Ancora, gli autori si chiedono se il percorso originale e autonomo di Matteotti, che può essere configurato come una visione moderna della socialdemocrazia, abbia un’eredità. La loro analisi non trova una risposta positiva. Nello stesso tempo la conclusione del loro pregevole lavoro rafforza lo straordinario esempio e l’attualità del messaggio di Matteotti, a un secolo di distanza: agire in politica non per l’apparire, ma per fare. Un fare mirato a promuovere la condizione economica delle fasce deboli della società, a renderle protagoniste a pieno titolo della vita pubblica, in sostanza ad applicare pienamente l’ancora inevaso l’articolo 3, uno degli articoli fondamentali della nostra Costituzione.

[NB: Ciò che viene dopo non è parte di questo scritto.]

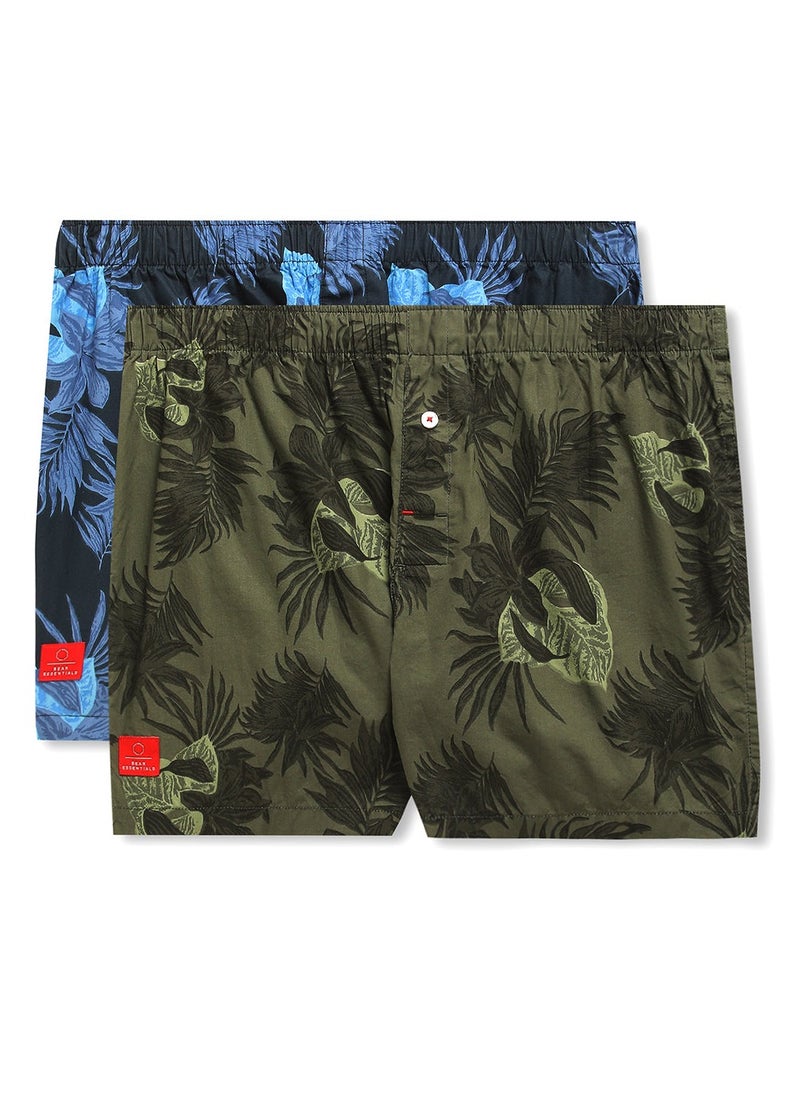 THE BEAR HOUSE - Mens Cotton Boxers Multipack Soft Breathable Underwear for Men Loose Fit Comfortable Boxer Shorts for Daily Wear - Image 1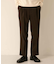 ハードツイルセンタープレスストレートパンツ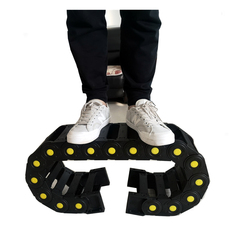 Буксир h55工程塑料尼龙拖链机床桥式封闭坦克链条油管传动电缆线槽导链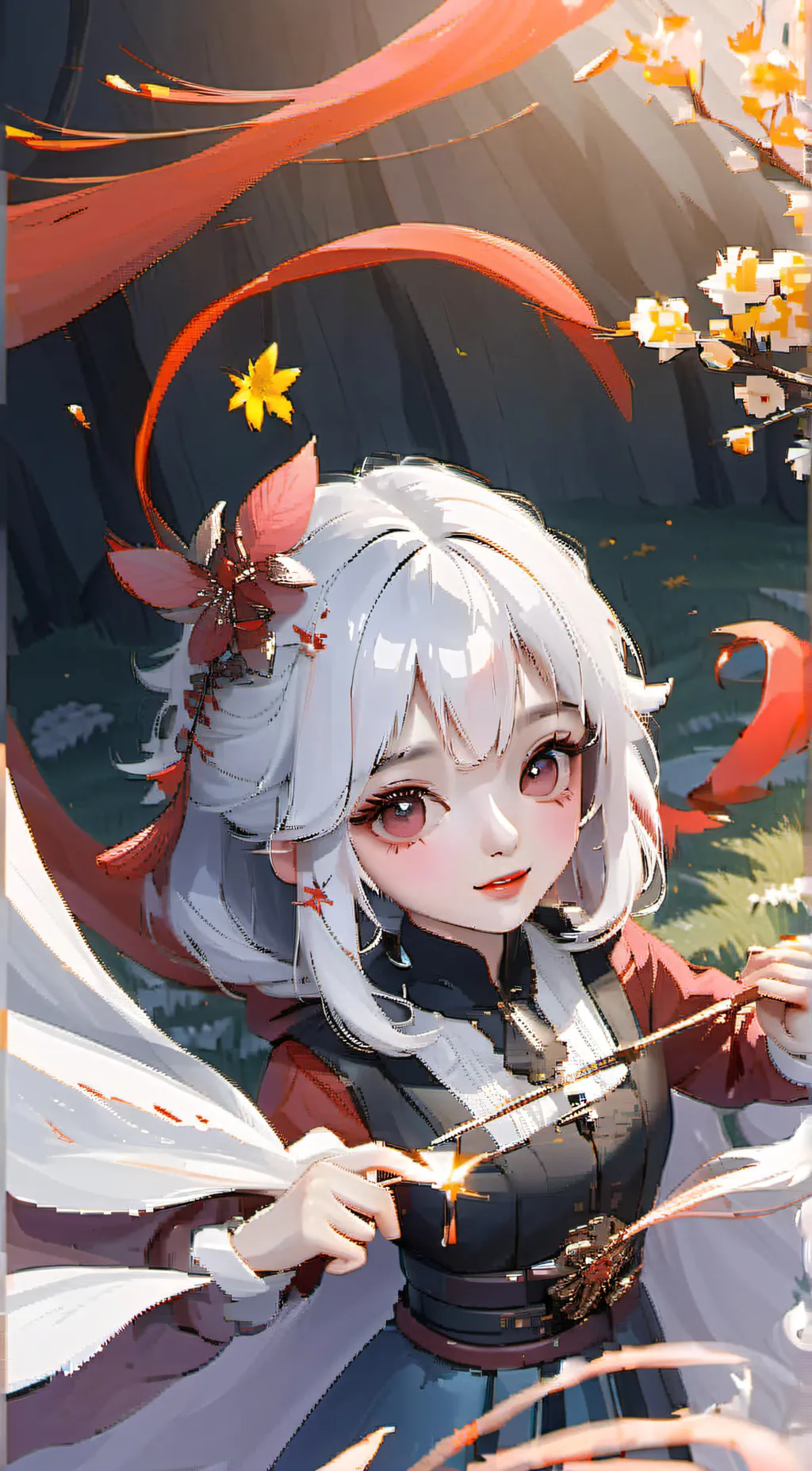 ai character: Carla^^ background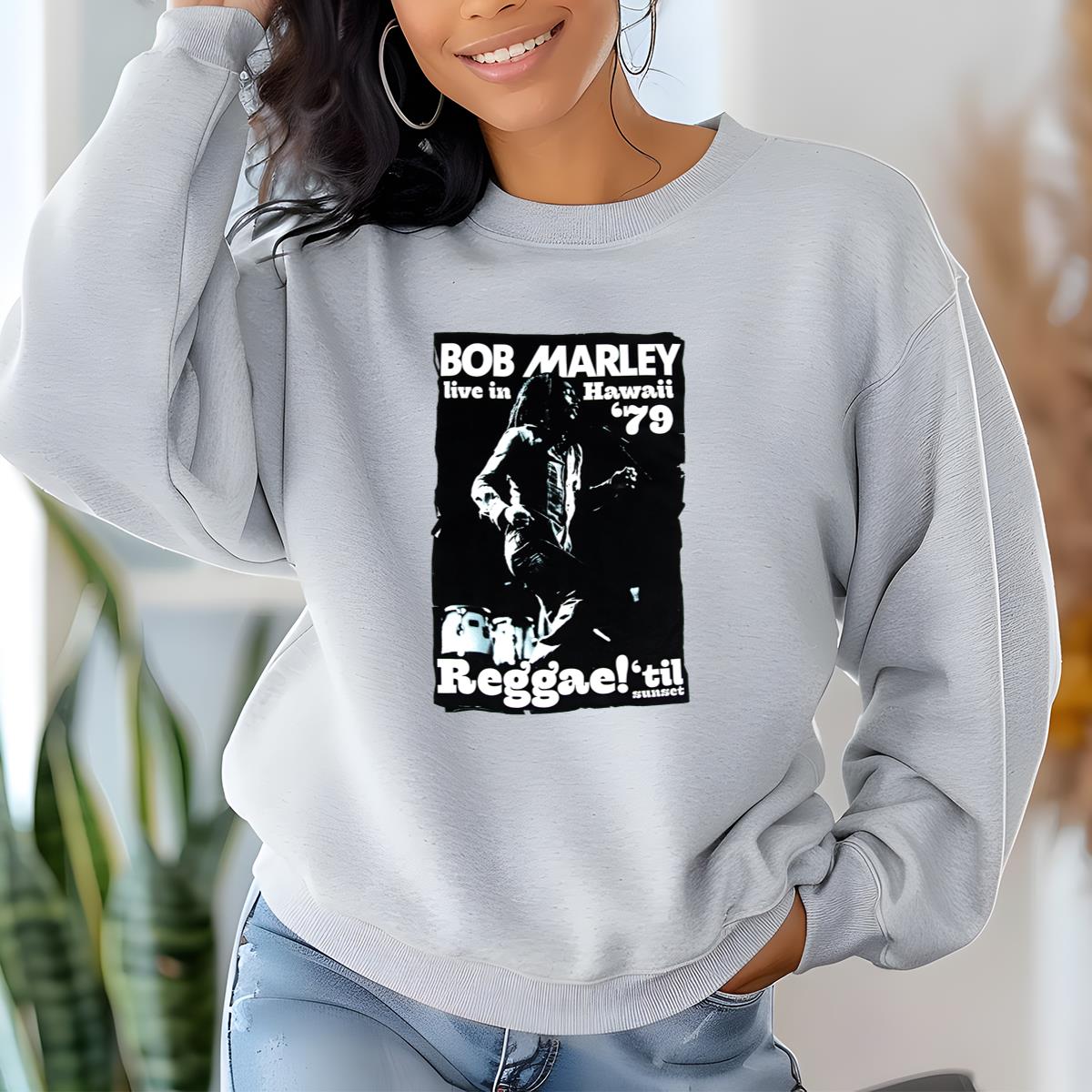 Bob Marley Vintage 1979 Live In Hawaii Reggae Fan Unisex T-Shirt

E’ un libro denso, arricchito dalla prefazione di Francesco Verducci e dalla postfazione di Marco Almagisti. Vorrei sottolineare, a questo punto, la pulizia dello stile di Crivellari e Jori, che usano un linguaggio asciutto e, insieme, carico di pathos. Riescono a trasmettere in maniera viva l’ambiente, la vita breve e intensa di questo “grande italiano del Novecento”, rendendo la lettura appassionante e stimolandoci ad approfondire i temi proposti. Aggiungo che nel capitolo specifico sulla casa-museo di Fratta, tirata a lucido per l’occasione, come dicevo all’inizio, c’è il prezioso consiglio di consultare e scaricare gratuitamente dal sito web del museo l’intera opera di Matteotti.
Giacomo Matteotti, figlio del Polesine è un libro consigliatissimo!